Жизнь С.Г. Карузо далась нелегко. Ему пришлось много пережить, бороться с нуждой, отказаться от мысли иметь конный завод, видеть крушение своих идеалов в собственном заводе, где он мечтал вывести рекордистов. Личная его жизнь также не дала ему радостей и утешения. Вот почему всем тем, кто иногда так страстно критиковал покойного ныне Карузо, я могу сказать: легко критиковать чужую жизнь, но тяжело и трудно эту жизнь прожить.

Я два или три раза был в заводе С.Г. Карузо и теперь опишу одну из своих поездок. Именьице Егоровка, чудом уцелевшее после разорения старшего Карузо, было в нескольких верстах от станции Перекрёстово Юго-Западной железной дороги, в шести или семи часах езды от Одессы. Карузо несколько раз бывал у меня в заводе, я часто с ним виделся в Одессе, и во время одной из бесед понял, что Сергей Григорьевич обижен тем, что я до сих пор не был у него в заводе. При первом же удобном случае я отправился к нему. Приехав на небольшую станцию, где курьерские поезда не останавливались, я сразу же увидел в сторонке высланный за мною экипаж. Когда поезд отошел, на перроне, кроме сторожей, начальника станции и меня, никого не оказалось. Экипаж был более чем скромный, упряжь тоже, а пара лошадей довольно убогая и неказистая на вид. Это произвело на меня тяжелое впечатление, напомнив о том, в каких стесненных обстоятельствах живет почтенная семья. На козлах восседал с довольно нахальным видом плотный, коренастый мужчина с брюшком, в картузе, рубашке навыпуск, поверх которой был надет пиджак, в высоких сапогах гармошкой. Это был странный наряд для кучера, и я спросил, давно ли он служит у Карузо. В ответ он отрекомендовался: «Я смотритель завода Борис Миронович Шилкин».

Я невольно улыбнулся, припомнив, что Карузо мне неоднократно о нем говорил и характеризовал его как большого плута. Полагаю, что этого Шилкина знала вся читающая коннозаводские журналы Россия, так как Карузо постоянно печатал объявления о продаже той или другой лошади и эти объявления неизменно заканчивались просьбою обращаться к смотрителю завода Борис Мироновичу Шилкину.

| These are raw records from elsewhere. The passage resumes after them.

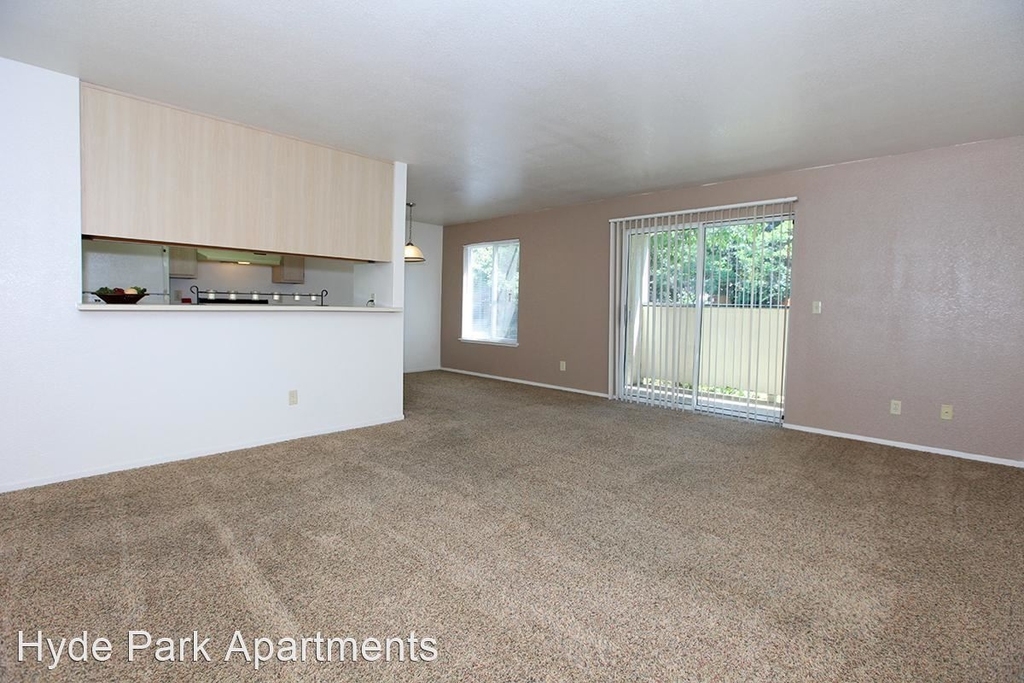 5150 North Valentine Avenue - Photo 1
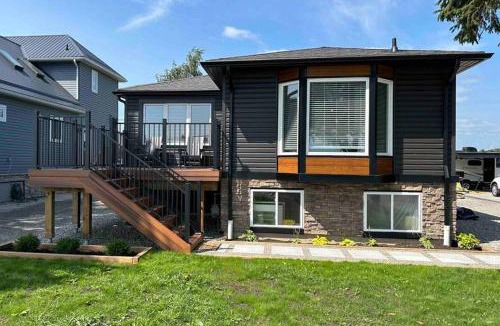 Hamilton House | Elite Upper Deck Suites l Lake front with hot tub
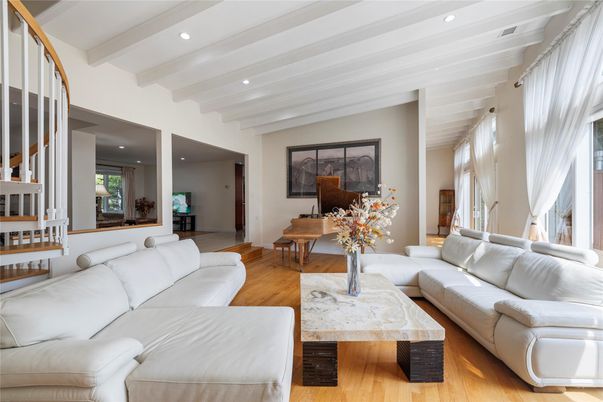 Interior, Living room, Piano, Recessed Lighting, Wood Texture Flooring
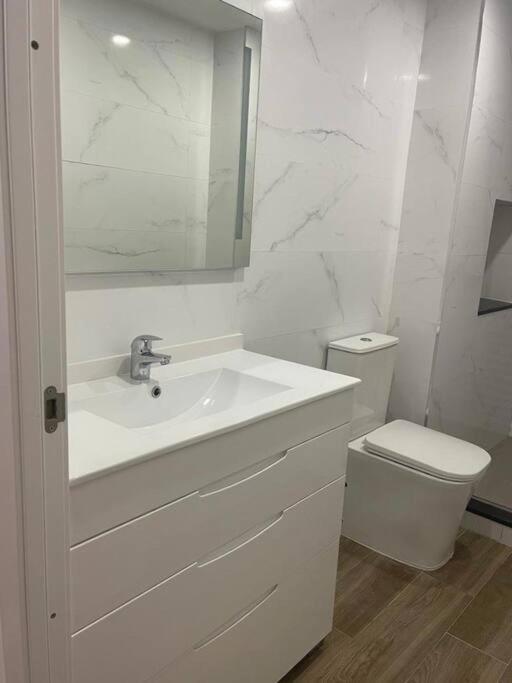 Moderno Apartamento En إلتشه المظهر الخارجي الصورة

Можно было подумать, что Шилкин – большой человек, и многие простаки-провинциалы были в этом уверены.

По дороге Шилкин рассказал мне, что он, собственно говоря, всё для Карузо: и смотритель завода, и управляющий имением, и доверенное лицо. Тон у него был очень самоуверенный, сразу же было видно, что распущен он невероятно, в чем я скоро убедился в Егоровке.

Показалось имение. Оно было расположено на бугре и имело скромный, чтобы не сказать жалкий, вид. Это было не имение, даже не зажиточный хутор, а несколько небольших, обветшалых построек. Сейчас же было видно, что хозяйство не ведется, что здесь одна усадьба, а вся земля сдается в аренду. Так и оказалось в действительности. Небольшой, крытый железом дом был окружен с трех сторон садиком, где преобладала тощая акация. Поодаль от дома находилось несколько служб и две-три постройки. Еще дальше конюшня. Манежа, конечно, не было. Все постройки были глинобитные и крыты соломой. В общем, убожество. На крыльце дома меня уже ждал молодой хозяин. Мы с ним, как старые друзья, облобызались, и я впервые переступил порог его дома.

Здесь впечатление было более благоприятное. Комнаты небольшие, но уютно и со вкусом обставленные. По стенам висели старые гравюры и ли тографии лошадей, на столах лежали газеты, книги и журналы, преимущественно французские. На двух небольших столиках было разложено рукоделье, в вазах стояли букеты полевых цветов, с большим вкусом подобранные. На всем лежал отпечаток какой-то чистоты. Вы инстинктивно чувствовали, что попали в дом высокопорядочных людей.